We ain't leaving 'til the sun comes up. Here's something wonderful we found on our recent U.S. trip. It's a 1929 woodcut print promoting Harlem's famous Cotton Club. You probably know the Cotton Club was one of America's most prominent speakeasies, if that isn't an oxymoron, and that it hosted some of the greatest jazz luminaries of the age, including Duke Ellington, Lena Horne, Cab Calloway, Bessie Smith, George Gershwin, and many others. The place was mob owned, specifically by England-born gangster Owney Madden. If stories about the sheer wildness of the Cotton Club are true, this print certainly captures its spirit. The artist here is E.M. Washington, who was quite well known for his woodcuts, and whose surviving original work goes for a fortune. This particular item is a reprint, which put it well within our price range.
Man critically injured after late night shoe-ing.

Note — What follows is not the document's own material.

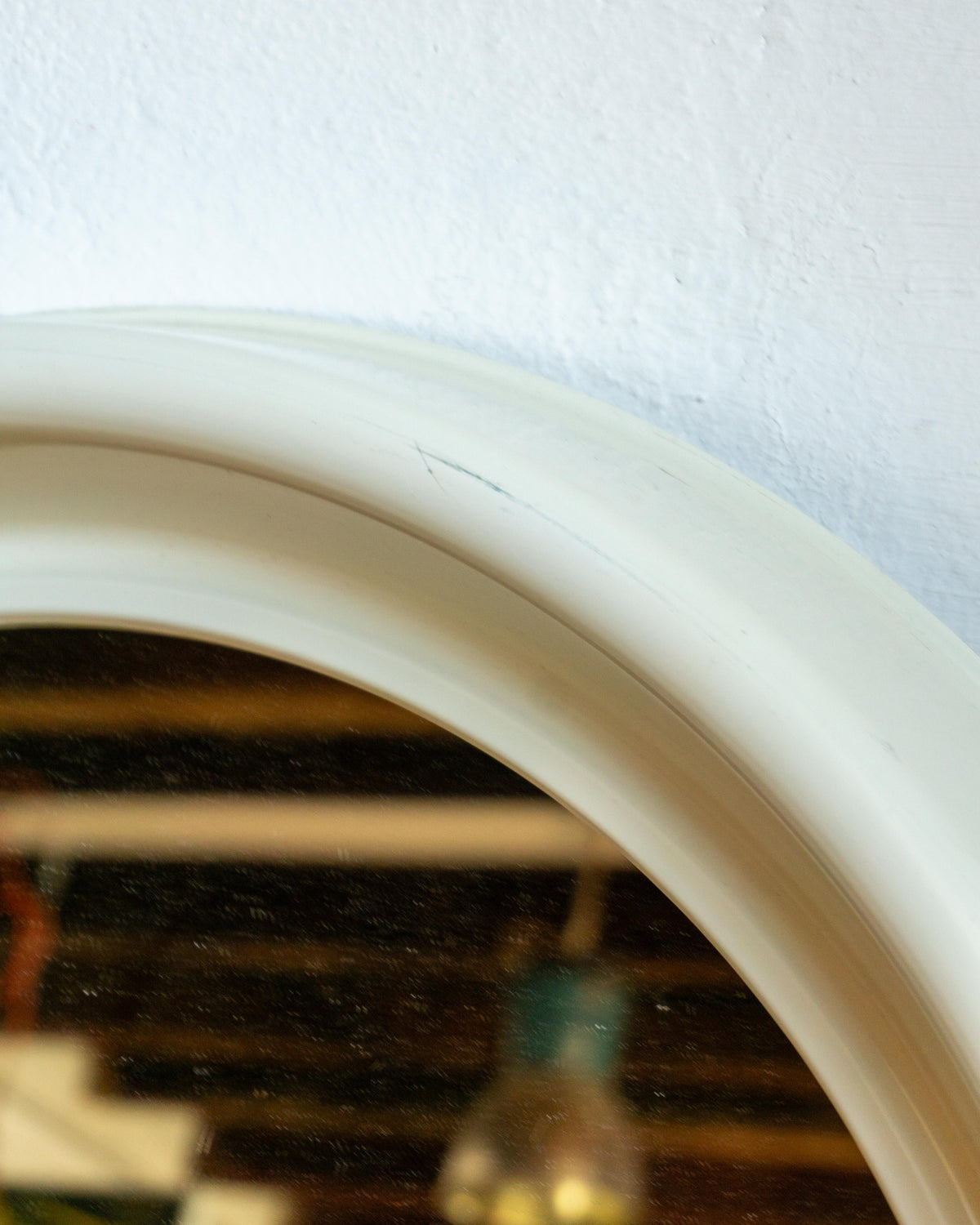 Specchio vintage bianco bombato in plastica – 1970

This cover got us to finally look up spats in a dictionary to find out what they were for. Apparently they weren't just fashion statements. They were designed to protect shoes and socks from mud and dirt. Blood and spittle too—at least on this vintage cover for Donald Henderson's Clark's debut novel Louis Beretti, which deals with the rise of a 1920s era New York City hoodlum. He's an immigrant kid who grows up on the East Side, serves in the army during World War I, and returns during Prohibition to be drawn into bootlegging, which he leverages into restaurant ownership and a position of respect and influence. But you know what they say—you can take the man out of the hood, but never the hood out of the man. The book was originally published in 1929, but this Avon Edition is copyright 1949, with cover art by an unknown.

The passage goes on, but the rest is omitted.